Lenders protest credit reporting proposals.

WASHINGTON -- Lender representatives, including the American Bankers Association, have told Senate Banking Committee members they oppose the Fair Credit Reporting Act amendments that are scheduled for a committee vote Thursday.

The lending industry has generally opposed the House version of the bill, which is intended to make it easier for consumers to find and correct errors in their credit reports.

However, they had been negotiating with Sen. Richard H. Bryan, D-Nev., in an effort to obtain legislation that most credit providers could accept. Sen. Bryan sponsored the original Senate measure, and prepared a new "print," or draft, for the committee's deliberations on Thursday.

Draft Called Unworkable

"We regret having to tell you that the committee print we received last Thursday from the committee staff is unworkable, and we must strongly opposite it," the groups said in a letter to Sen. Bryan.

"The bill in its current form is so negative we have to oppose it very strongly," said Edward L. Yingling, chief lobbyist for the ABA. "We are very skeptical that it could be fixed."

Joining the letter was the American Financial Services Council, Visa, MasterCard, and Household International Inc.

Lenders are particularly concerned about the liability provisions of the bill. Under both the House and Senate versions, lenders who provide incorrect information to a credit bureau could be sued by individuals under the private right of action the legislation would create.

Limit on State Powers Sought

The credit providers are also seeking an amendment that would limit the right of states to enforce their own credit reporting laws, as well as a provision that would permit lenders to verify income and other information about consumers who accept preapproved credit offers.

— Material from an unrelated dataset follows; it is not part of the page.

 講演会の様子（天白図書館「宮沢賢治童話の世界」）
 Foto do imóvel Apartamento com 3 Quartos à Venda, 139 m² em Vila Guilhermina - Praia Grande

Jeffrey Tassie, a lobbyist for the American Financial Services Association, said, "Everything in the bill is interrelated."

The liability provisions could be made workable if state laws are preempted so that states are unable to limit the amount of time financial institutions have to investigate and correct errors reported by consumers.

The lenders want 30 business days to investigate disputed information.

Bankers and other credit providers have argued all along that the legislation is unnecessary.

"However, we feel we have made a good-faith effort to make S 783 into workable legislation," the lender groups said in their letter.

The bill is expected to win approval from the Senate Banking Committee.